Qatari Students Join CI in Mapping Mangroves

Participating in Qatar’s Earth Day events, CI’s Andy Wilson examined mangroves and seagrass beds with local high school students in Al Thakira, Qatar. (© CI/Photo by Leah Karrer)

Last week Qatari 11th-grader, Hussam Sayed and his friends couldn’t tell you what a dugong is — even though hundreds of these charismatic manatee-like creatures live in the nearby Persian Gulf.

But by the end of the morning on Saturday, April 21, Hussam and a dozen other Qatari high school students could identify much more than the dugong after collecting flora and fauna data in the Al Thakhira mangrove forest on Qatar’s eastern coastline.

As part of last weekend’s Earth Day activities in Doha, Conservation International (CI) helped Qatar Foundation International (QFI) and the students make the trek to test out a new online tool called Mapping the Mangroves, which was designed by QFI to track the biodiversity of coastal ecosystems and raise public awareness about this vital habitat.

After the expedition, Hussam was able to explain that “Protecting the mangroves is very important because soil and roots absorb carbon, so we can reduce global warming.”

The students, who are all participants of QFI’s cultural exchange programs, loved the new tool. Developed by QFI education technology advisor Chris Dubia from Ushahidi’s open-source crowdsourcing platform, the tool allows users with mobile devices to upload GPS-tagged data such as pictures, videos, geographic coordinates and text.

“I learned about a new app which shows the world what we learned,” said Ahmad Hiasat, one of the high school students at the event. “The experience was priceless!”

Dr. Leah Karrer, who heads CI’s Marine Science Program, particularly liked chatting with the students.
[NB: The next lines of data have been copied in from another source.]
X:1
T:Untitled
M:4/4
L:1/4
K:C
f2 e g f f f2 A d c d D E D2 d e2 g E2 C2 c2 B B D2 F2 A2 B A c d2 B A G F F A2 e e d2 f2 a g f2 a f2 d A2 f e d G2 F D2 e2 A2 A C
“These kids were so curious about the work we are doing to understand coastal ecosystems,” she said. “They were really excited to learn about some of the vibrant ecosystems in their own country, like the rich seagrass beds and the mangroves we visited.”

Dr. Leah Karrer, head of CI’s Marine Science Program, helps Omar Saif and Ahmad Al Fateh enter data into a mangrove mapping tool at the Al Thakira Nature Reserve in Qatar. (© Qatar Foundation International/Photo by Camila Ferreira)
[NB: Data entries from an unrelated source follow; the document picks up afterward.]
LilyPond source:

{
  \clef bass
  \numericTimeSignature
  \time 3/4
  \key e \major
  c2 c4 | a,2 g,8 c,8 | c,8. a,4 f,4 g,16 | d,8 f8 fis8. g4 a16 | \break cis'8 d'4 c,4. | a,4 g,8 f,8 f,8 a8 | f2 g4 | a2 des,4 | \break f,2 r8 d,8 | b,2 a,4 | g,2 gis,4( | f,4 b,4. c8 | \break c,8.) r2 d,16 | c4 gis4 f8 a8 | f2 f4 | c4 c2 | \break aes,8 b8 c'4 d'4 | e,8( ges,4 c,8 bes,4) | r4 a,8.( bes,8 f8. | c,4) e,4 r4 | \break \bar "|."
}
During the mangrove trip, Leah participated in a QFI-led TweetChat by tweeting photos and facts on these carbon sequestering ecosystems.
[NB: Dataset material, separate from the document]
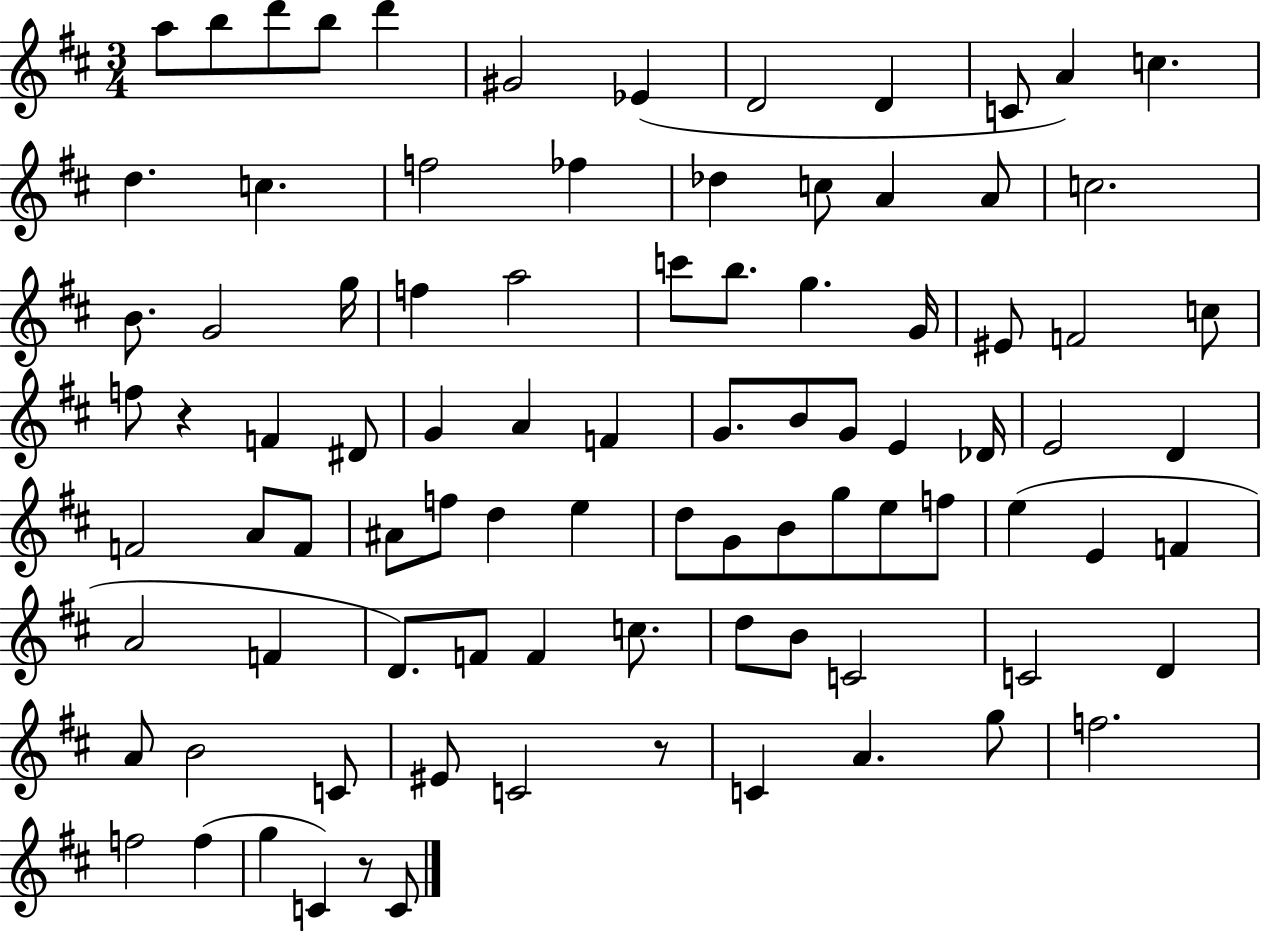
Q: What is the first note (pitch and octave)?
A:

Following the mangrove mapping expedition, CI also participated in Earth Day events at Qatar’s education complex Education City, including an Earth Day Fair attended by students and faculty from across the university campus.

Qatar Foundation’s Sustainability Education Office and QFI hosted the fair as part of a series of student activities the foundation is planning as the country prepares to host the 18th Conference of the Parties to the United Nations Framework Convention on Climate Change (UNFCCC COP18) in Doha in December.

At the fair, QFI, Qatar Shell and CI announced a collaboration to train student ambassadors from Qatar, the United States and Brazil to participate in the Rio+20 Earth Summit on June 20-22, in Rio de Janeiro, and the COP18 Conference in December.

“We are excited to help train these future environmental leaders and to send youth representatives to these two seminal events,” said Maggie Salem, executive director of QFI.

Keith Lawrence, who runs CI’s Seascapes Program, was impressed with the resources Qatar is putting into developing scientific and technological capacity.

“It is great to see the commitment Qatar has to scientific leadership and building world-class facilities,” he said. “They appear to be taking their COP18 hosting role very seriously too. The country seems very motivated to achieve real policy successes in December.”

Andy Wilson is vice president of Foundation Relations at Conservation International.